KEY POINTS:
Auckland is facing a specialty rice crisis, say local rice merchants as wholesalers like Gilmours and Thai Rice Wholesalers start setting limits to how much rice customers can buy.
While rice types such as long and medium grain are still readily available in supermarket shelves, stocks of varieties such as jasmine and basmati, which are preferred by South-east Asians, Filipinos, Indians and most Chinese, are running out fast.
"We are so short of rice, it is not funny, and people are in a panic mode," said Ursula Lawrence, owner of Thai Rice Wholesalers, whose store was down to its last 25kg sack of rice when the Herald went there yesterday.
"Some customers are literally begging to buy more, saying they just had a baby and needed rice so that the new mother will be able to generate breast milk," she said.
Some Asians believe that eating rice would give a breast-feeding mother more milk.
"But in the light of what is happening and the uncertainty, we have to be firm with the limits we have set, and we have to be fair to everyone."
Since last month, walk-in shoppers at Thai Rice Wholesalers, which imports rice from Thailand, have been limited to one bag per purchase, and businesses such as restaurants have a two 25-kg sack limit per order.
Wholesalers Gilmours too have placed a two-bag restriction on certain varieties of rice to prevent retailers from "stockpiling".
"We don't want a situation where retailers hoard rice now, only to start selling at an astronomical price when that happens,"said a spokesman for Gilmours.

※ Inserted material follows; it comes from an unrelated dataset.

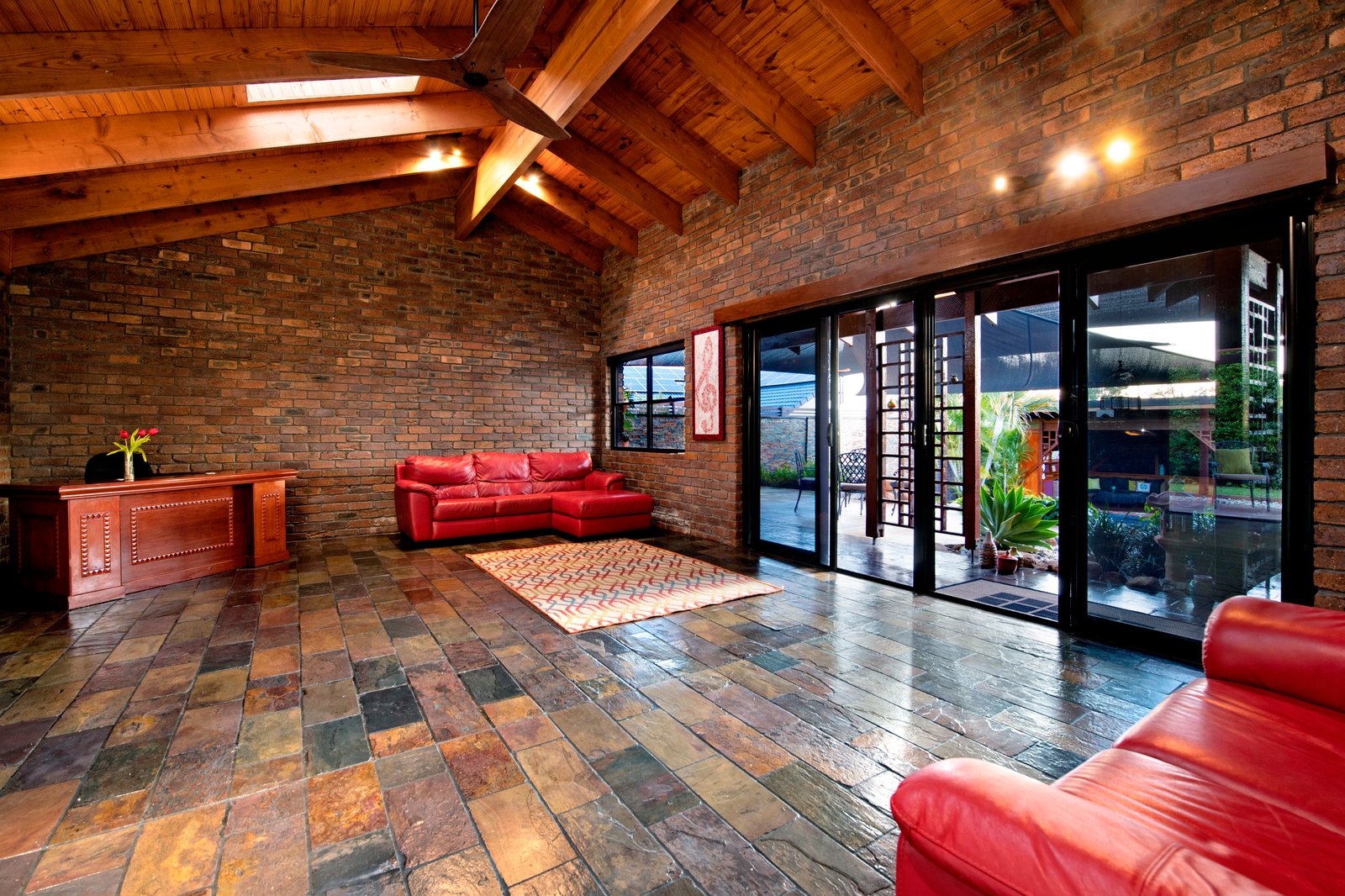 8 Cameron Court ASHMORE 5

Although there is no shortage of rice in New Zealand now, at the way things are happening, there could be one looming."
The decision by India, Vietnam, Egypt, Cambodia, Brazil and China to curtail exports to protect prices at home have been blamed as the main reason for the global price hikes and the recent rice panic.

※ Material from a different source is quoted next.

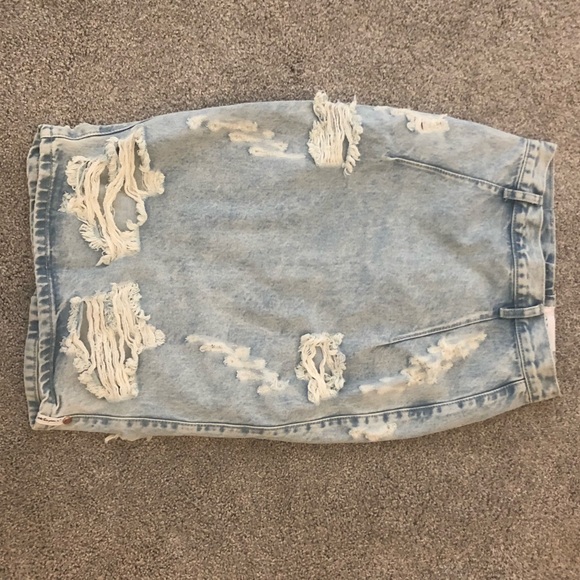 One teaspoon distressed denim skirt - Picture 3 of 4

Last Friday, Thailand proposed an Opec-style cartel with major rice exporting countries Myanmar, Cambodia, Vietnam and Laos to give them more control over international rice prices.

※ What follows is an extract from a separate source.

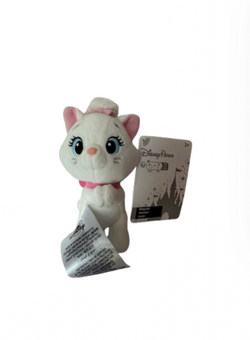Disney Parks The Aristocats Marie Plush Magnet New with Tag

But skyrocketing prices and media reports of a global rice shortage are driving many New Zealanders, especially Asian and Indian immigrants, to stockpile - as their once inexpensive staple continues to scale record-high prices.
In Auckland, the price of rice has tripled since Christmas - and a 25kg sack, which used to cost about $25 six months ago now costs up to $65. One shopper Jessie Lee said: "Rice is our staple, so whatever the price, we have no choice."